The Haber-Bosch process, or simply the Haber process, is a procedure used in the large scale manufacture of ammonia. This process was named after Fritz Haber and Carl Bosch, the two German chemists who invented the process in the early 20th century. The Haber-Bosch process was developed to replace the less efficient methods that were earlier used in ammonia production such the Frank-Caro process. Today, the Haber-Bosch process is majorly used in the production of the ammonia used in fertilizer, unlike during its invention years when it was used to provide ammonia for explosives that were used in the first war.
The Haber-Bosch process was invented to meet the high demands of ammonia in the 19th century. The ammonia demand rose due to its requirement for fertilizers and livestock food manufacturing. At the start of the 20th century, Haber decided to come up with an alternative method to sustain the demand of ammonia. Haber Fritz, together with his assistant came up with a process that required the use of catalysts and a high-pressured device. The demonstration process was small scale at a laboratory level. The demonstration process took place in the summer of 1909. Ammonia was generated as drops at a rate of 125ml per hour. This process received recognition and was bought by BASF, a German-based chemical company. Carl Bosch was assigned the duty of ensuring the process was upgraded to an industrial level, which he successfully did in 1910. The large scale production of ammonia began in 1913 at the Oppau plant which was owned by BASF. The plant multiplied the production of ammonia which hit 20 tons per day by 1914. The Haber-Bosch process was an asset for Germany during World War I. Haber won a Nobel Prize in 1913 and Bosch won the same prize in 1931.

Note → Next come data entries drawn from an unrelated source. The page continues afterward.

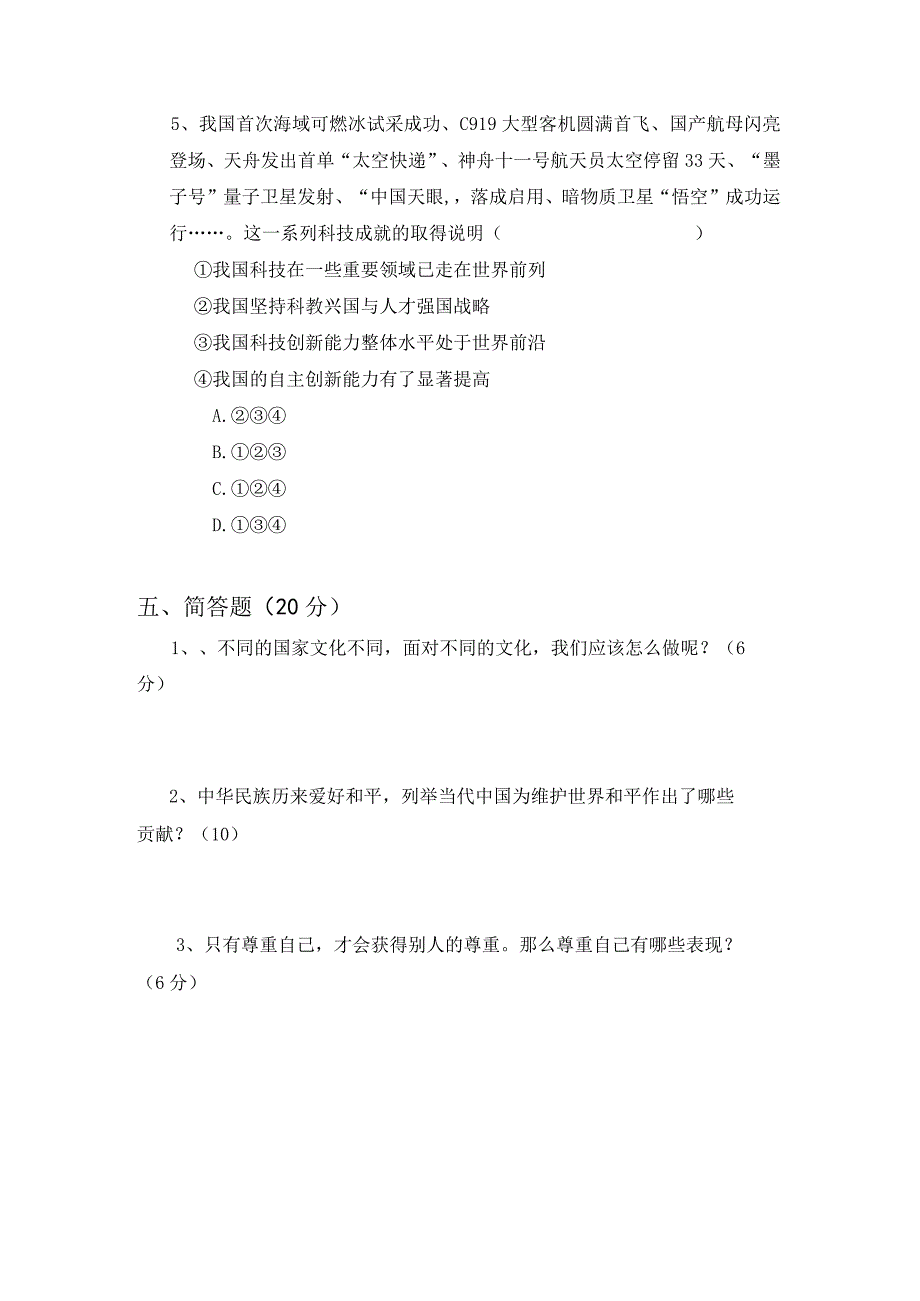 2023人教部编版六年级下册《道德与法治》.docx_第3页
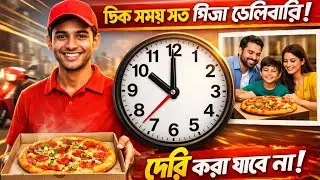 এই গেমে আমি ডেলিভারিম্যান হয়ে গেলাম।  ojol life simulator। delivery man 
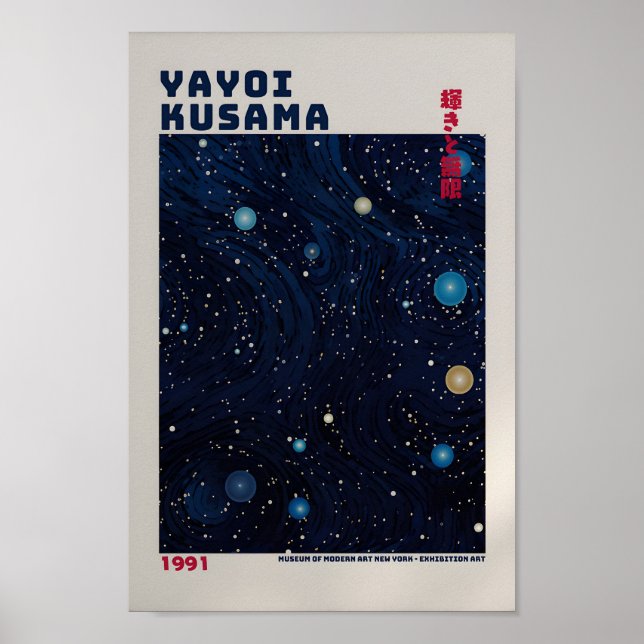 Yayoi Kusama Poster - Abstract Yayoi Kusama Print  (Front)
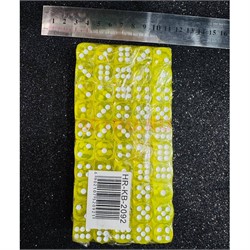 Кости кубики игральные 14 мм (HR-KB-2093) цвета в ассортименте 100 шт/упаковка - фото 223215 Кости кубики игральные 14 мм (HR-KB-2093) цвета в ассортименте 100 шт/упаковка - фото 223215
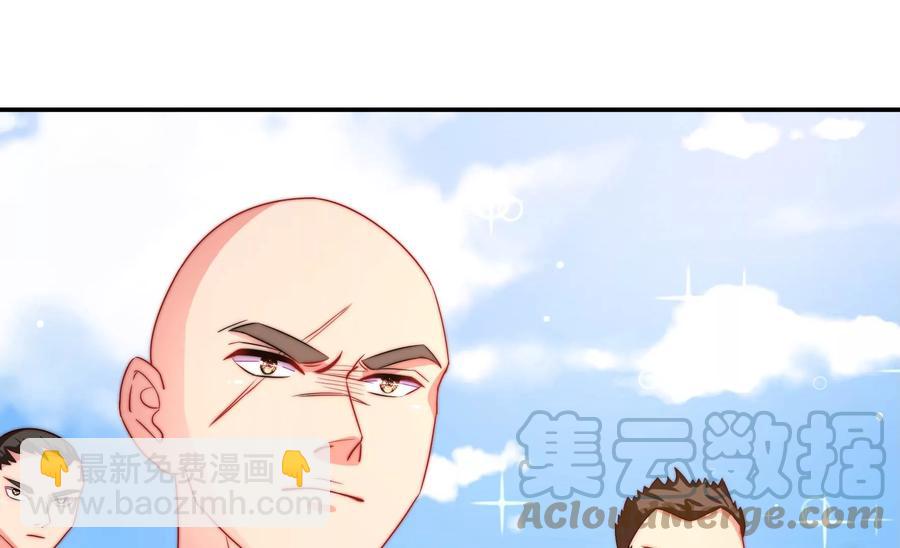 🍱少帅每天都在吃醋 第263话 背刺 第31页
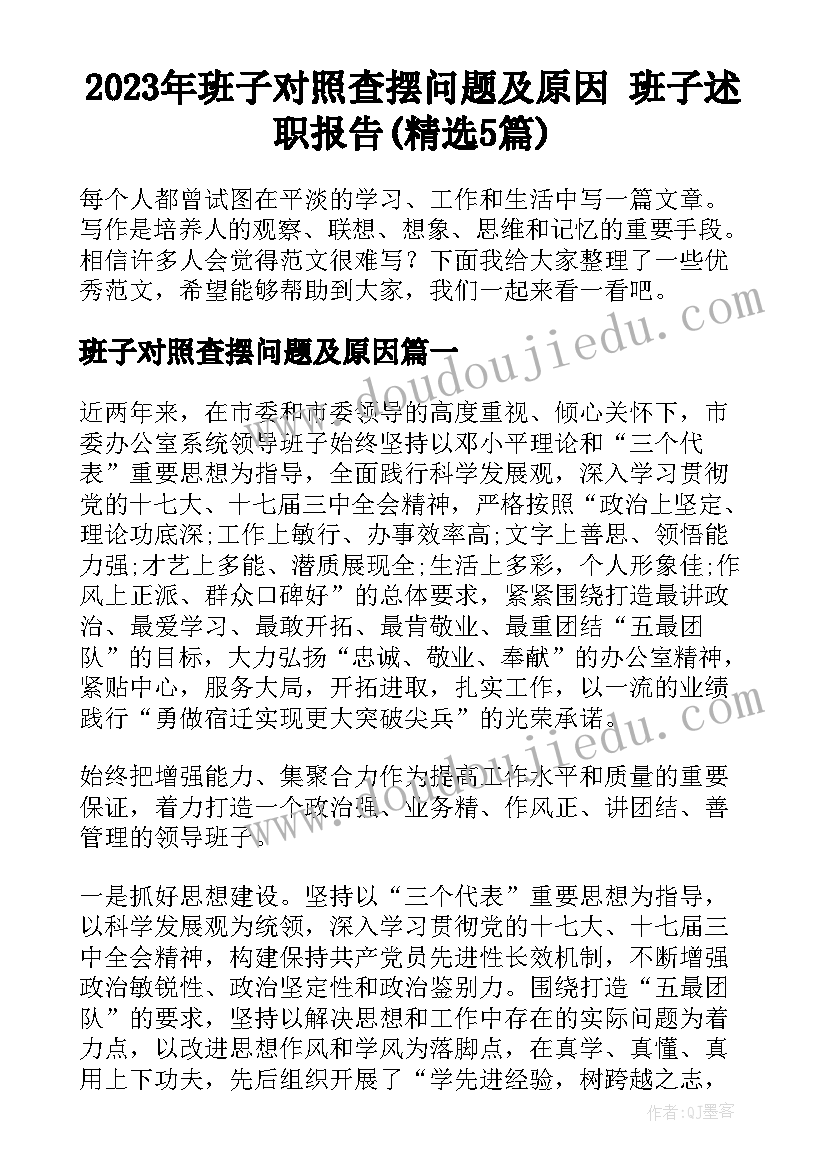 2023年班子对照查摆问题及原因 班子述职报告(精选5篇)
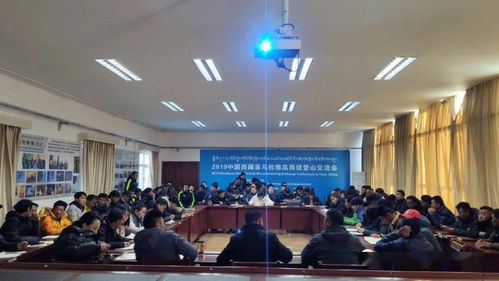 第十三届职业高山技能培训班圆满结束，市场调查服务助力精准培训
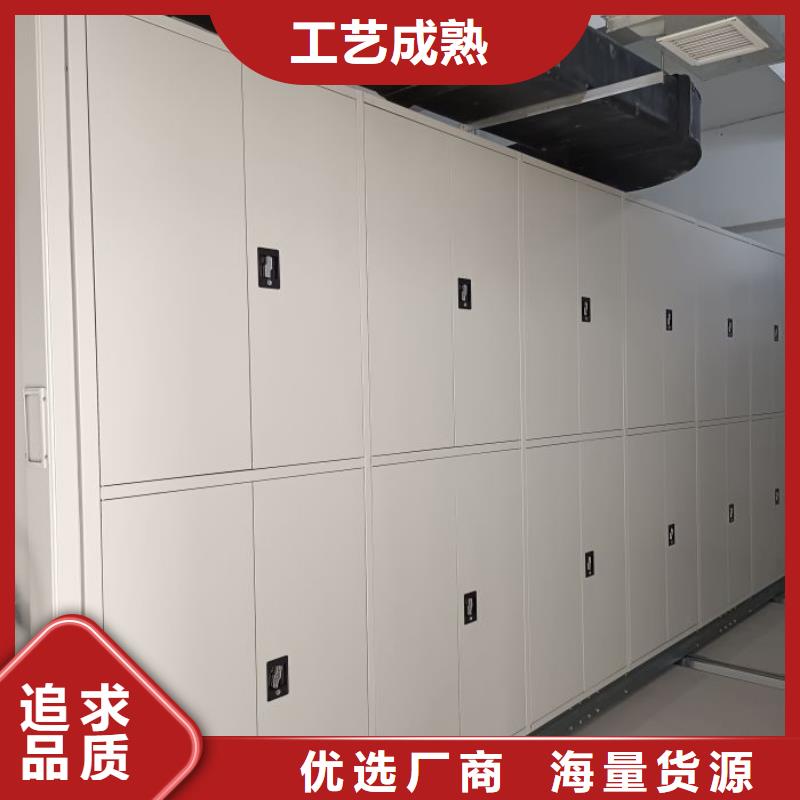 优惠促销【泽信】全封闭式档案密集架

Ammonia is formed through a process involving the reaction of nitrogen and hydrogen. The process occurs under temperatures of between 400 and 500 degrees Celsius. Nitrogen and hydrogen gases are passed over catalysts, with constant temperature regulations to keep the equilibrium steady. The gases are passed over four sets of catalysts. At each set, approximately 15% gas reacts to form ammonia. The gases that have not reacted are passed again and again through the catalysts. At the end, almost 97% of the gases have reacted. Nitrogen is not reactive due to the strong triple bonds holding its molecules together. To ensure it reacts with hydrogen, high temperatures and catalysts are required. The hydrogen used in the Haber-Bosch process are mainly acquired from methane. To get hydrogen from methane, steam reforming process is carried out whereby the gas is put under high temperatures and pressure and a nickel catalyst. To increase the rate of production, ammonia produced is frequently removed from the system. The commonly used catalysts in the Haber process include the iron-based catalysts, uranium, and osmium.
Economic and Environmental Aspects
After the Haber-Bosch process was invented, it had to compete with Cyanamide process. The Cyanamide process was ineffective because it utilized large amounts of power and labor. The Haber process has intensified to a level which leads to the production of approximately 450 million tons of nitrogenous fertilizers annually. The large production of fertilizers has led to large tracts of land being put under agriculture. Ammonia fertilizer has increased the agricultural yields and ample food supply, leading to increased population growth rates.